Restarts on just about any scene or Reactor

ruster34 · April 24, 2020, 2:11pm

@LibraSun - yes, and agreed - but my head scratching is that everything was fine a couple weeks ago with the same configs. I had moved a ton of stuff to Reactor months back and it has been noticeably more stable throughout the day. I dare say that I would even go a few days in a row with no restarts. But something must be hosed to create such a dramatic and recent change in stability…

@Catman Yes, that was my next step as well - just delete the house mode change and see if it executes ok.

@rigpapa One of the many things that is so incredible about Reactor is the ability to continue activity executions even factoring in restarts - But I’ve noticed that with this recent issue that even Reactor is not completing some (not all) tasks following a delay and with the restart occurring. Does that shed any light on it?

I’m going to try removing the house mode changes next and report back.

Thanks to all of you guys (and this community in general) for the pro-bono help we all provide each other!

Ryan

LibraSun · April 24, 2020, 2:39pm

FYI, this is why I wrote my Replacing HouseModes Plug-In with Reactor treatise last month!

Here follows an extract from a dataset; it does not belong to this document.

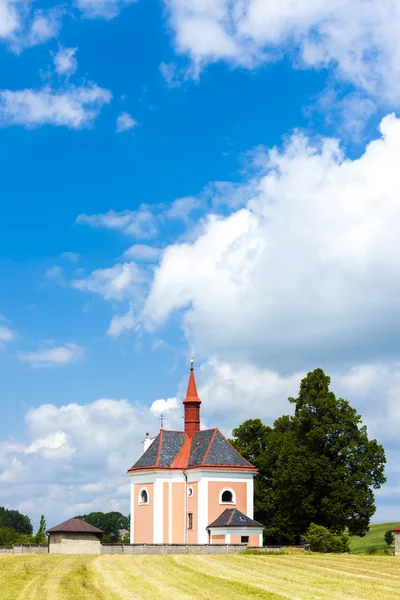 Chiesa di Sant'Anna, Pusta Kamenice — Foto Stock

ruster34 · April 24, 2020, 3:05pm

LOL

treatise

ruster34 · April 24, 2020, 3:31pm

Ironically - I just did this as my first troubleshooting step. I had the housemodes plugin, and had ‘clicking the button’ as an action in the scene. I removed that and used Reactor’s built-in “change house mode” as a replacement.

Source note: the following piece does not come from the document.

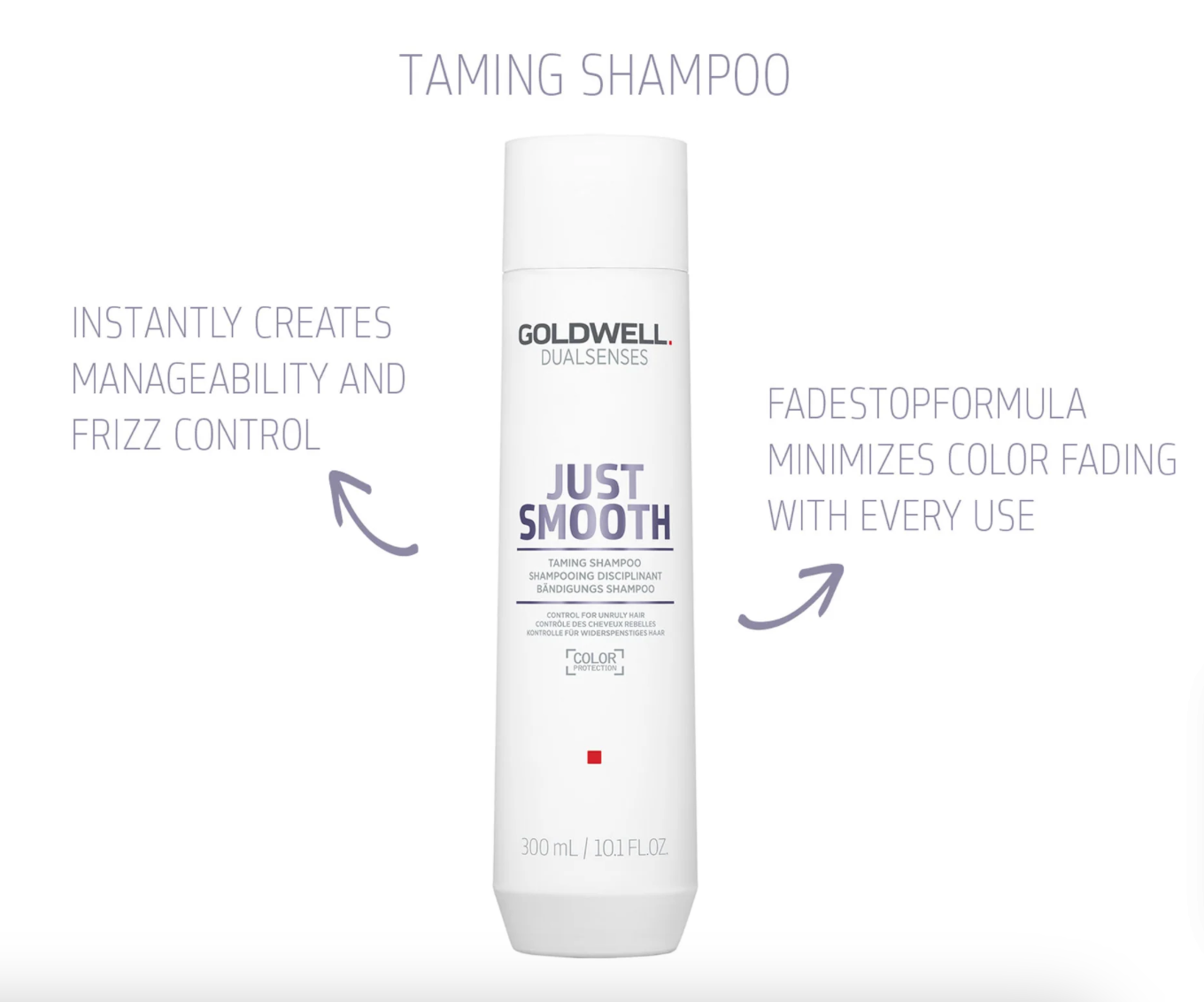 Just Smooth Taming Shampoo 300ml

rigpapa · April 24, 2020, 3:48pm

I would also study your LuaUPnP.log file carefully. If you find a lot of red and yellow in there, and the infamous “got CAN” messages, that’s an indicator that ZWave commands are being dropped or ignored by the engine. There’s no way for Reactor to know that. It speaks the health of your mesh and devices. Depending on the structure of the mesh, a single device changing neighbors or dropping out can big problems that result in delays and other issues, and very often lead to “got CANs”.

ruster34 · April 24, 2020, 4:05pm

The only ‘red’ lines I’m seeing (and not sure how far back to go, this is all within the last 5 minutes or so)
I don’t know what device 277 is, can’t find it. Device 134 is a motion detector.

LuaInterface::CallFunction_Timer device 277 refreshCache took 10 seconds (multiple instances of this entry)

ZWaveNode::HandlePollUpdate_Alarm node 59 device 134 v1type: 0 v1level: 0 source: 0 status: 255 type: 7 event: 0 parms_len: 0 parms: 0 code: (null)

Update that I just ‘caught’ another restart in the log:
01 04/24/20 16:16:30.306 FileUtils::ReadURL 28/resp:0 user: pass: size 1 http://apps.mios.com/get_plugin_version2.php?plugin=4086&accesspoint=50061111&platform=mt7621_Luup &firmware=*1.7.4970*&oem=1 response: <0x7706c520> 01 04/24/20 16:16:30.307 JobHandler_LuaUPnP::GetPluginVersionOnline iPlugin: 4086 buffer empty <0x7706c520>

This restart was triggered by running a scene which contained only one plugin (which is also in the others that have been triggering it) - Harmony.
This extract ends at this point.